Mórbido Fest
- Location: Mexico City, Mexico
- Founded: 2008
- Language: International
- Website: www.morbidofest.com

= Mórbido Fest =

Annual film festival in Mexico

Mórbido Fest is an annual fantasy and horror film festival in Mexico City, Mexico. Known as "Mexico’s Premier Horror Event", it was founded in 2008 by Pablo Guisa Koestinger and is a member of the Méliès International Festivals Federation.

==History==
Prior guests include Roger Corman, Barbara Crampton, Elijah Wood, Hideo Nakata, John Landis and Joe Dante.

The 2016 event took place November 2–6 and featured 28 films from 13 nations, plus 77 short films from 20 nations, 12 Latin-American Premiers and 13 Mexican Premiers, including Demon, The Wailing, Miruthan, Scare Campaign, Seoul Station, Shut In, The Mermaid and The Thinning.

The 2017 event saw the debut of Gigi Saul Guerrero's web series La Quinceanera.

The 2019 event took place October 30 to November 3 and saw Latin premieres for Paco Plaza's Eye for an Eye , Alice Waddington’s feature debut Paradise Hills and Richard Elfman's Aliens, Clowns & Geeks. Juan Diego Escobar Alzate's film Luz won the Calavera de Plata at the festival while the Golden Skull / Audience Award went to Colour out of Space by Richard Stanley.

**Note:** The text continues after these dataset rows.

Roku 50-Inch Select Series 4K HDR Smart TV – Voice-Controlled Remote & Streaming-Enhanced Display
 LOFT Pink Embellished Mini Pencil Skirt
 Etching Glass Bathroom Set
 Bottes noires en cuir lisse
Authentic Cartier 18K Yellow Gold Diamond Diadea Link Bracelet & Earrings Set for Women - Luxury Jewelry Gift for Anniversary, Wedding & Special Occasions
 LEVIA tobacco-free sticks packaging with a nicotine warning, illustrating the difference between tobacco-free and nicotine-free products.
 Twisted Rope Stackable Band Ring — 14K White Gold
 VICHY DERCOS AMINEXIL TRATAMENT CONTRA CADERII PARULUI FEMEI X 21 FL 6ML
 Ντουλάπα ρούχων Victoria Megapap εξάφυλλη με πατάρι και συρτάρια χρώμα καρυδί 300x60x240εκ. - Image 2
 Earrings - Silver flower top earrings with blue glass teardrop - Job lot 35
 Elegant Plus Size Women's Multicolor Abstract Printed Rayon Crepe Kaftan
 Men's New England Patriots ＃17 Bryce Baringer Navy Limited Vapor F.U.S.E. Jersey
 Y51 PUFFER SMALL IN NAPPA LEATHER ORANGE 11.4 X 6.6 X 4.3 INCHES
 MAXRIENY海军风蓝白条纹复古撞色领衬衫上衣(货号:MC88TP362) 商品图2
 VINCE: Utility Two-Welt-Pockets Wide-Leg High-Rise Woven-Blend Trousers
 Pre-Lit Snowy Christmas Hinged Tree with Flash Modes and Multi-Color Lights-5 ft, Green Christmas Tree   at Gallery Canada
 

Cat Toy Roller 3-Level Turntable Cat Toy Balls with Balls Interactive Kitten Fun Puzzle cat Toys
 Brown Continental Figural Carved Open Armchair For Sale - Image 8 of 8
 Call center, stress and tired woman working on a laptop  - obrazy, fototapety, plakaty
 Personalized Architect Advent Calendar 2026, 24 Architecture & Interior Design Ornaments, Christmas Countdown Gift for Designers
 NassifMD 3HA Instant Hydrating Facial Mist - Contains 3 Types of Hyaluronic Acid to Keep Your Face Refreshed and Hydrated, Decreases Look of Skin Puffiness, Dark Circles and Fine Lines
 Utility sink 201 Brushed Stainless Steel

The 2022 edition took place October 26 to November 2 at Teatro de la Ciudad and featured 79 short films and 30 feature-length films, including Huesera: The Bone Woman and Satanic Hispanics.

The 2024 edition took place October 30 to November 10. It showcased 100 short films and 52 feature films from around the world. After winning at the festival, Cinema Management Group acquired sales for 2024 Peruvian found footage horror movie The Devil’s Teardrop.